For automotive manufacturers knowledge management has progressed to enabling a series of interorganizational processes that enable knowledge management to serve as the impetus of lasting competitive advantage and differentiation. Automotive manufacturers attaining best practices in both interorganizational collaboration and the creation of their own learning ecosystems, knowledge management plays a much more foundational and less of an archival or referenceable, role in their strategies. There admittedly needs to be a balance, yet top performing auto manufacturers including Toyota for example are able to use interorganizational knowledge management as the foundation for the growth and strengthening of key strategic initiatives.

The overall objective of this report is to analyze and recommend which knowledge management processes those auto manufacturers who are attaining best practices levels of performance are relying on.
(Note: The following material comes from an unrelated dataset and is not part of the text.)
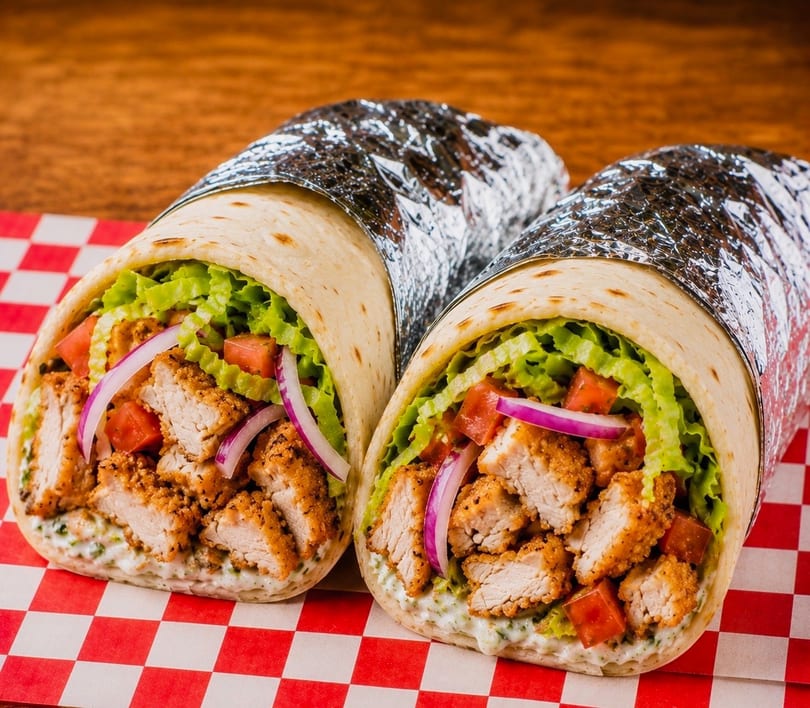Two chicken wraps filled with crispy chicken, lettuce, tomatoes, and red onions on a checkered paper.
Critical to this analysis is examining how Japanese auto manufacturers specifically are structuring their production systems to encompass suppliers much earlier in the sourcing, quality, and procurement process than American or European auto manufacturers. The extension of knowledge management frameworks, both highly structured with taxonomies specifically aligned to quality management strategies, and loosely coupled to promote high levels of collaboration, trust and reciprocity in the sharing of knowledge are profiled in this paper. As Toyota Motor Corporation and their Toyota Production System exemplify best practices in the area of knowledge management within automotive manufacturing, their approach to using knowledge management as both a foundation for interorganizational learning and the development of learning systems globally serve as the foundation for this paper.
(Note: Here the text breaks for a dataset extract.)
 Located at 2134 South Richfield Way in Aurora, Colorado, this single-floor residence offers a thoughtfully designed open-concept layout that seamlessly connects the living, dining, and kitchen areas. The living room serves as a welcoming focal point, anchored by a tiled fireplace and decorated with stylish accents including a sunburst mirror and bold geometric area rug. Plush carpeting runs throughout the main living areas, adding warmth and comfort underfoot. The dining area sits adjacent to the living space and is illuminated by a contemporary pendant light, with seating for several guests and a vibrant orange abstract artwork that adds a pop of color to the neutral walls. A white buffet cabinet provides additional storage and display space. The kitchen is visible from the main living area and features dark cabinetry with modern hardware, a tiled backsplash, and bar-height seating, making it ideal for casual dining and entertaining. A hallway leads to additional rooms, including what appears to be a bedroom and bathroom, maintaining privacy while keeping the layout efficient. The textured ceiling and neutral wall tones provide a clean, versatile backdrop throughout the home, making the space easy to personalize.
In completing an analysis of the knowledge management best practices in the automotive industry, several key concepts serve as the framework of this research effort. First and foremost, there is a growing recognition that the processes and approaches companies rely on for ensuring knowledge management transforms their and their supplier organizations is a lasting competitive advantage, and as a result the depth of academic research being completed in this area is expanding rapidly (Cohen & Levinthal, 1990; Teece et al., 1997; Kogut & Zander, 1992; Spender, 1996; Grant, 1996). In addition, many scholars argue that despite manufacturers producing goods and enabling the development of entire sub-industries of accompanying services, the greatest contribution of goods producers is actually knowledge generation. In fact Toyota has found that the enabling of their suppliers for on-ramping and support of Toyota Production System standards, while rigorous and requiring continual learning, transforms the cultures of suppliers to enable greater knowledge capture, sharing and retention. In short, best practices in automotive industry knowledge management arena is now exemplified by the development of networks of companies that learn from each other and from the many collaboration requirements of making their value chains work. Scholars have begun to move away from the specific firm or manufacturer as the center of analysis and expanding the focus of research to include the network of companies and their accumulated learning both from each other and from the tasks of ensuring collaboration (Powell et al., 1996; Dyer and Singh, 1996).
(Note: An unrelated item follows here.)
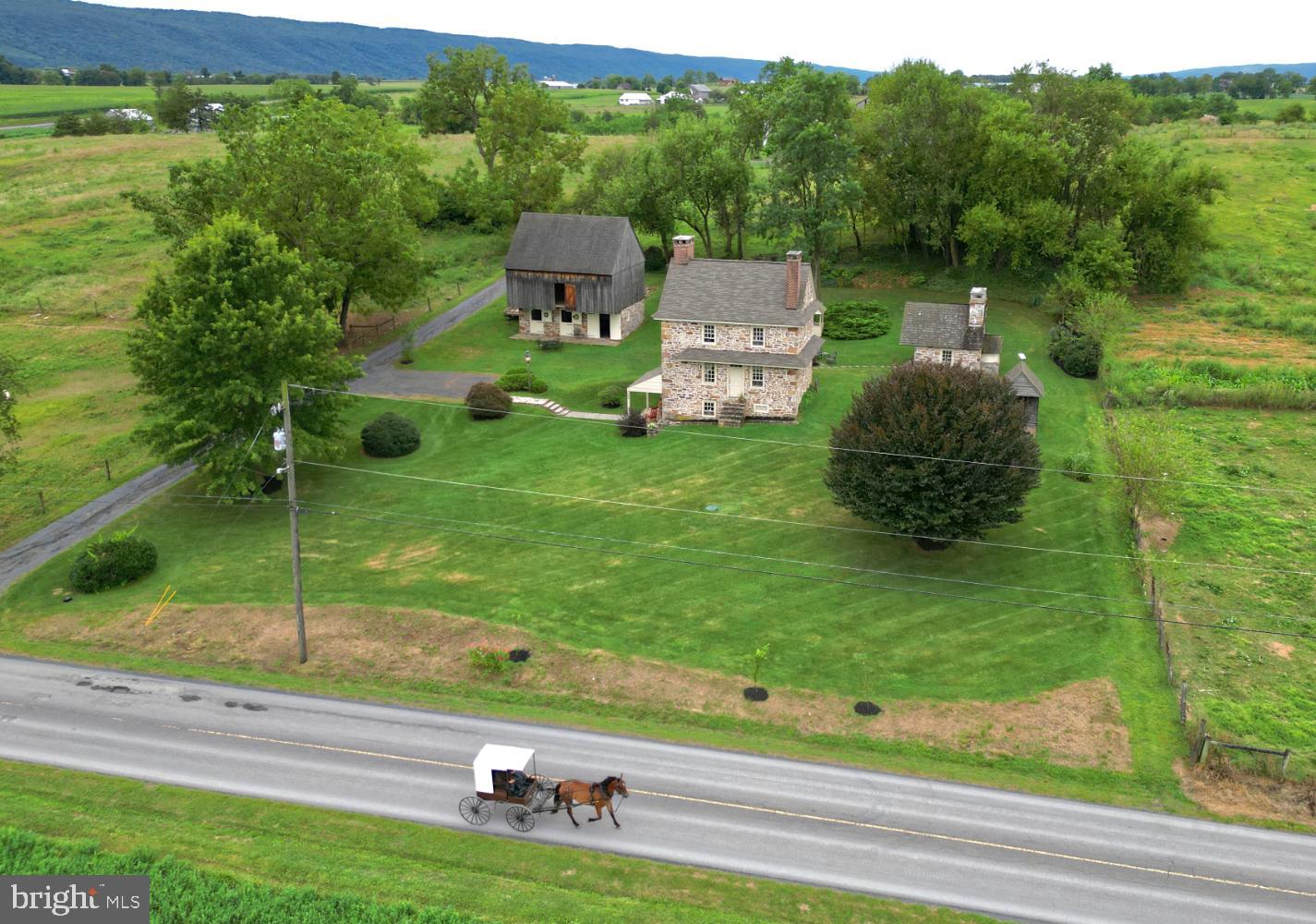 784 Coffee Run Road Reedsville, PA 17084 - Photo 48 of 48 a backyard of a house with table and chairs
Taking this network concept as the foundation of comparative analysis of innovation, it becomes clear that scholars are finding that the greater the level of integration between suppliers, manufacturers, customers, and channel partners, the greater the levels of innovation present in each organizations' products, processes, and services (Levinson & Asahi, 1996; March & Simon, 1958:188; Powell et. al, 1996). The higher the level of integration and therefore the higher the level of reciprocal knowledge sharing, the greater the level of innovation as manufacturers, suppliers, channel partners and services organizations find new processes for streamlining shared transactions, and this finding is supported by the work of Mueller, (1962, 23). Marsden, P.V. (1990, 435) argues in much of his research that the strength of integrative ties, and the "well worn paths" of knowledge sharing and eventual learning have an experiential effect on the overall growth of the learning network. What is often missed in a discussion of the strategies companies use in creating a knowledge management network, and as will be seen later in the paper, a knowledge management framework, are incentives. Szulanski (1996, 27) who states that the approaches that Toyota specifically uses in the TPS system, which he considers to be a highly taxonomy-specific knowledge management system that both applies incentives and disincentives to supply chain performance, are what differentiate this system from all others. The combination of highly structured content, well-defined process workflows, and incentives for performance all contribute to the high levels of performance attained.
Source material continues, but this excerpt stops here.